Video game snob unimpressed by ‘Call of Duty’
For a large portion of my life, I have enjoyed video games. While I played games a lot growing up, I would not call my younger self a gamer.
It is my belief that I have ascended into my gamer lifestyle most recently. I have spent a lot of money on games over the past three years and have spent countless hours procrastinating with their help.
For the most part I play single player, offline games- mostly because I don’t have very many gamer friends.
When I look at my collection of games, I realize that I am somewhat of a gamer snob. I only own games that have won or been nominated for awards. Many of the titles I own are Game of the Year or collectors editions. I spend most of my gaming time playing games from the role playing genre.
As a result of my video game snobbery, I looked down on games like “Call of Duty.” I grew up playing the original “Call of Duty” games — the ones that actually had a pretty good campaign mode with a good story line.
Once “COD” jumped into the next generation era and focused primarily on its online multiplayer aspect, I lost interest.
Recently I played one of the newer “COD” titles and wasn’t very impressed with it. I felt as if I had more or less confirmed that I wasn’t a fan of that type of game– it just wasn’t for me.
Then a friend recommended that I try my hand at “Battlefield.” So I went down to Gamestop and picked up a copy of “Battlefield 3.” I played through the campaign to get a handle on the game play and then jumped on a server to play against other people.
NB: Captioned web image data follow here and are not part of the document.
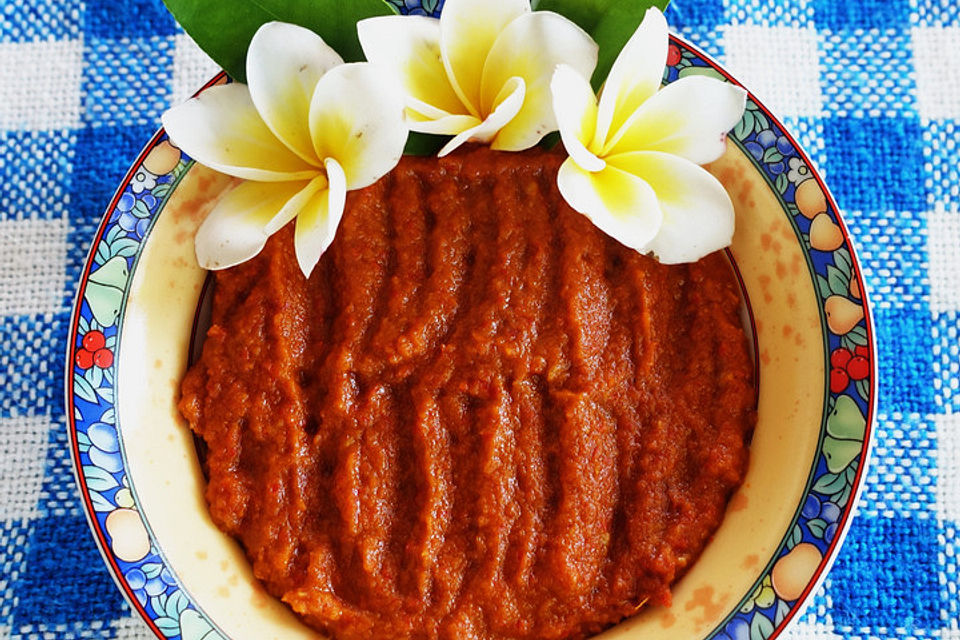 Mittelscharfes würziges Räuber-Sambal 'Taman Griya 1'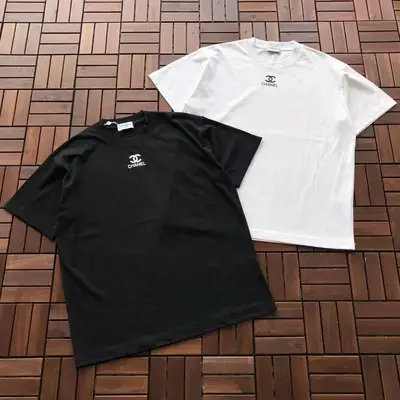 CHANEL T-Shirt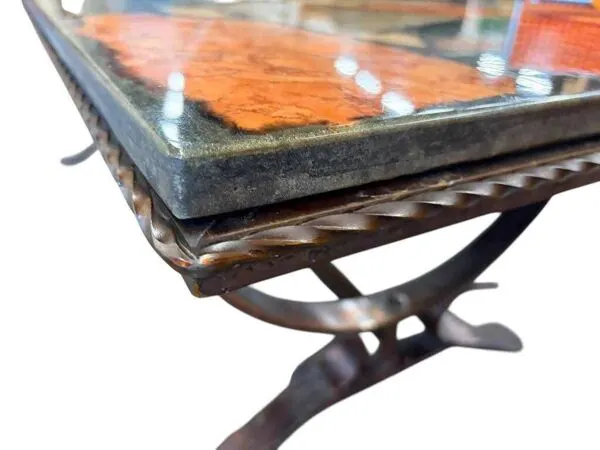 Illustration numéro 2 du produit Table basse vintage en pierre avec cadre en fonte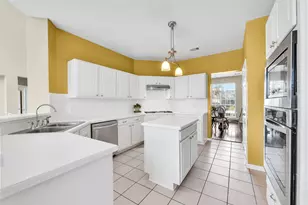 3612 W Pine Orchard Dr, Pearland, TX 77581 - Photo 13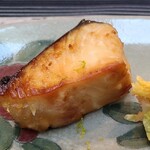 日本料理 TOBIUME - ⑩味噌幽庵漬けの炭火焼き寒鰆(福岡県芦屋産)腹身
      皮のパリッ感とレアな食感を楽しんだ背身に対し、より脂がのった腹身は炭火焼きで
      しかもご飯のお供という贅沢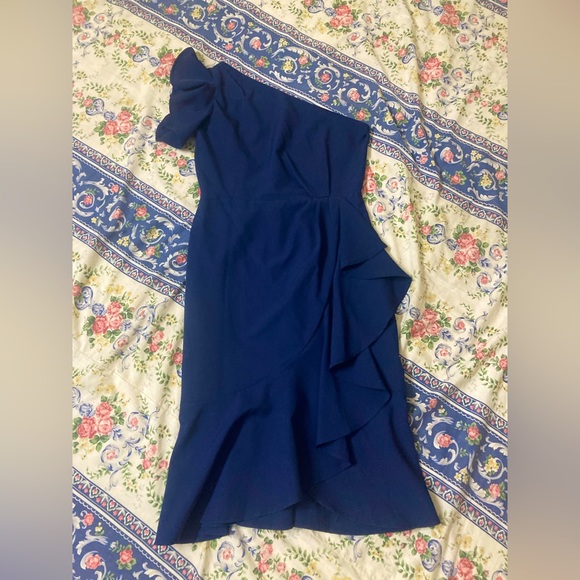 One shoulder ruffle dress - Picture 4 of 6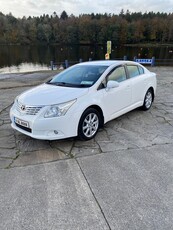 2011 - Toyota Avensis Manual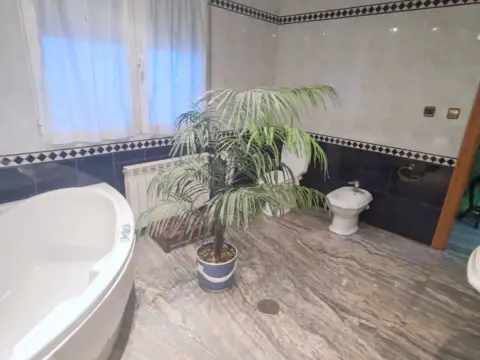 Casa adosada en La Roda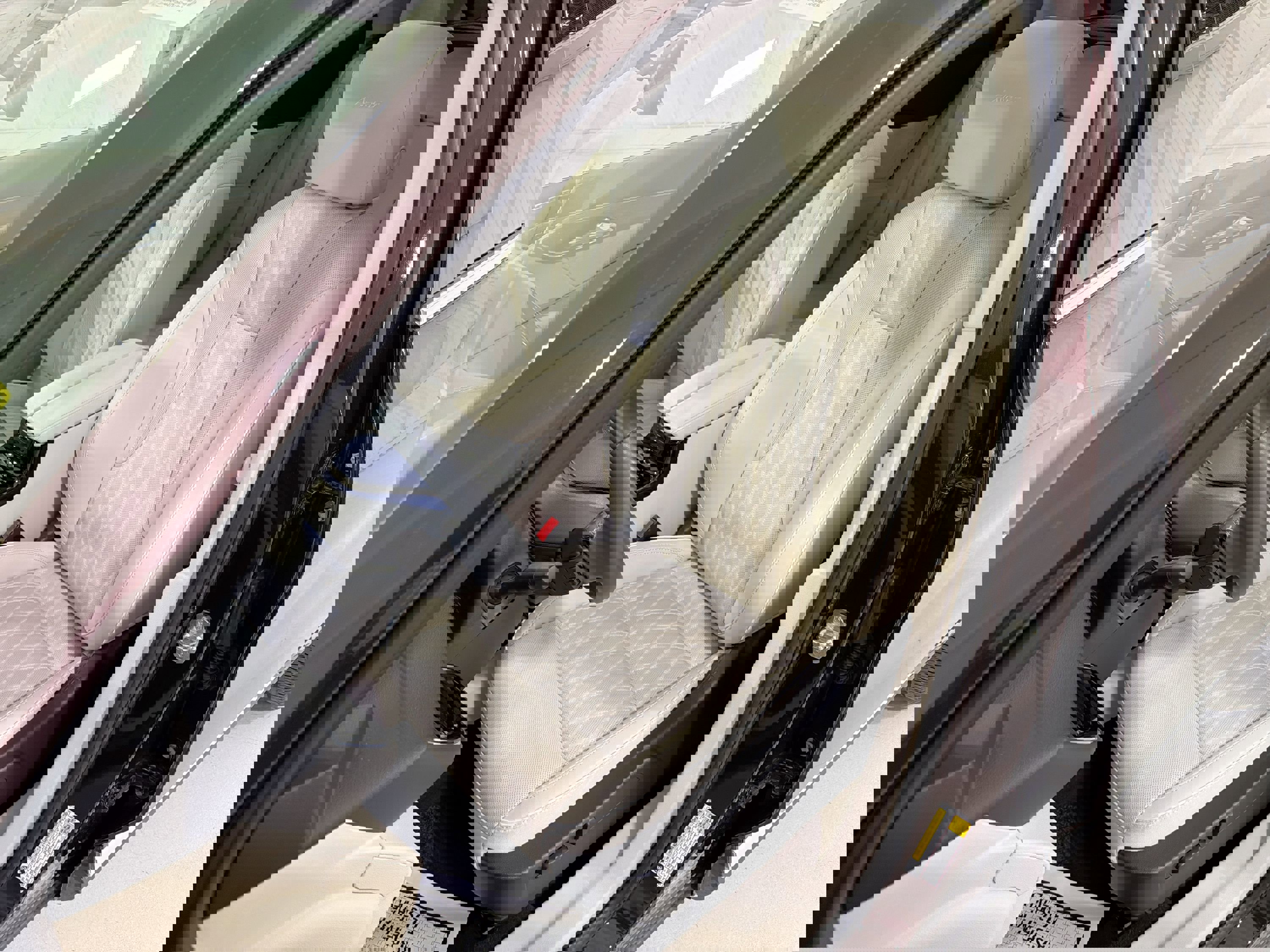 Used 2023 Buick Envision Avenir image 10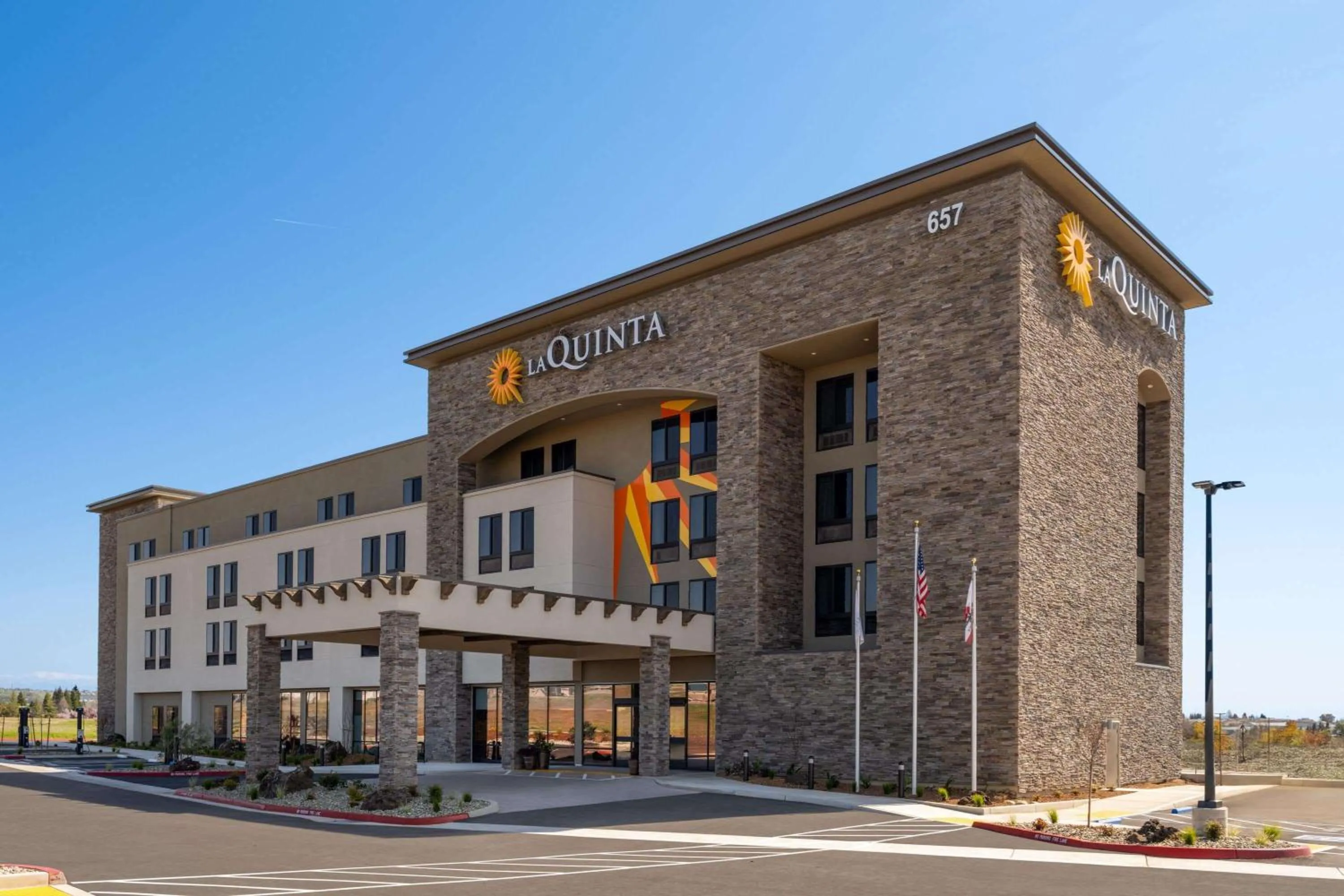 Property building in La Quinta Inn and Suites by Wyndham Lincoln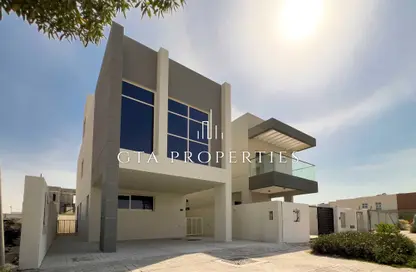 Villa - 3 Bedrooms - 4 Bathrooms for sale in Madinat Hind - Mulberry - Damac Hills 2 - Dubai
I was hooked almost immediately. The amount of strategy involved in a game of “Battlefield” was much higher than that of “COD.” That is probably because the maps in “Battlefield” are massive compared to “COD,” which means you aren’t dying or killing another player every 30-40 seconds; you can go minutes without encountering a single enemy character.
Despite the few features that improve on the game play, the game is still pretty similar to “COD.” And as a result players can experience the same frustrations on either title.
There is nothing more frustrating than spawning after being killed, only to be killed six seconds later by an enemy sniper that is hiding out near your squads default spawn area.
When you see someone using a shotgun, odds are they aren’t very good and are using the weapon to level the playing field. However, this leveling of the playing field tends to make some of the higher ranking players upset. Most of the time those upset players are also server admins.
I have been on many servers that warn against using shotguns: Use a shotgun and get banned instantly. The trouble with that is that admins often ignore when their teammates use shotguns and sometimes even use shotguns themselves.
That kind of hypocrisy is enough to make me stop playing for a while or at least leave the server and try to connect to a new one.
After spending countless hours over the past couple of months on the online battlefield, I have come to realize a couple of things: Campers are the worst kind of people, using a shotgun is a cheap way to boost stats, and server admins can be gigantic piles of poop.
Teniente is a junior majoring in journalism.